I’m ashamed to admit that we went on like this in the privacy of my writing room for months. Every time Big Mac acted up, I thwacked him upside the head with the fleshy side of my clenched hand. I told myself that I was not acting in anger. I began to believe that Big Mac actually liked the rough stuff.
I remembered 1960’s television sets with their honey colored Early American cabinets. Their wavy, irregular reception responded to a firm slap from above to stabilize the infuriating horizontal bounce of The Ed Sullivan Show. My God, was this evidence of multigenerational technology abuse?
The Jig(gler) Is Up
My worrisome secret reached crisis proportions last week when my neighborhood computer technician, Brian, made a house call. We worked together to defrag and update my mild mannered laptop, made specifications for a new telephone system and assessed the deplorable state of our out-of-date non-HD family room entertainment center. Encouraged by these little fixes, we reprogrammed a truculent garage door opener and diagnosed a faulty security camera at the front door.
“One last thing,” I asked Brian. “Will you take a look at Big Mac? Just a checkup.”
I stayed behind in the garage to put away the stepladder. In moments, Brian was back in the doorway with a look of deep concern on his youthful face. I scurried into my writing room like an addict covering a habit.
“Have you seen this?” he asked, gesturing as Big Mac’s screen flickered to black before our eyes.
“Oh, it’s nothing,” I said. My fingers curled into a ball that I struggled to hold in my jeans pocket.
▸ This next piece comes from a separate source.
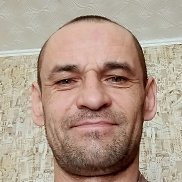 Женя, 46 лет, Москва Женя, 46 лет, Москва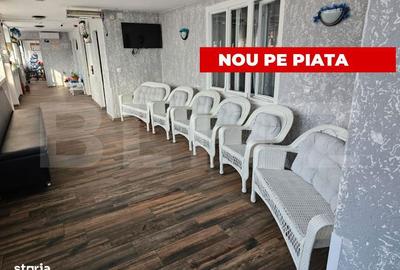 Casă cu 4 camere în Becicherecu Mic - 5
The next moment I was overcome by the urge to thump, my shame unabated by the young professional witnessing my unorthodox fix. And it worked! My thwack hit just the spot on the lower left corner to make Big Mac’s screen burst into his usual brilliance. I smiled victorious with a rush of satisfaction.
“This can’t go on,” Brian said. He ran his hand through his floppy hair and chose his words carefully. “You’ll damage the hard drive.”
“But what can I do?” I pleaded.
“Take a video on your iPhone, upload it to the store, copy your emails to the whole organization.”
“Of course, I should,” I sighed, knowing full well that I wouldn’t.
Big Mac is now well outside of the warranty period, I know that the repairs would likely cost more than I want to pay. The productive life of this machine is, sadly, only about three years due to planned obsolescence and we are more than half way there. But I am reconsidering my damaging need to fix with force. I am trying, one day at a time, to develop a healthier relationship with technology.
Six Steps to Recovery from Technology Abuse
- Admit that we are powerless over technology – that our lives have become unmanageable.
- Make a comprehensive and honest inventory of the devices, programming steps, or malfunctions that confound and infuriate us.
- Accept that there are resources available: courses, tech experts, younger people, books, and tutorials, which can make learning possible in our mature years.
- Offer direct amends to the innocent appliances we have harmed in any way.
- Meditate on an ongoing basis to preserve a healthy body and mind in the face of an increasingly technological world.
- Find a great local tech support person like Brian and safeguard his or her cell phone number with your life. Watch, listen, ask “dumb” questions and take notes if technology is not as “intuitive” for you as it is for the younger generations.
My tech expert, Brian, had never seen a Baby Boomer bang on a piece of equipment and his distress was palpable. Learning to live surrounded with technology should one day be as natural for us as lighting a gas range with a match or waiting out a flooded carburetor in a 1965 Mustang. Watch the young ones do that if you want a laugh.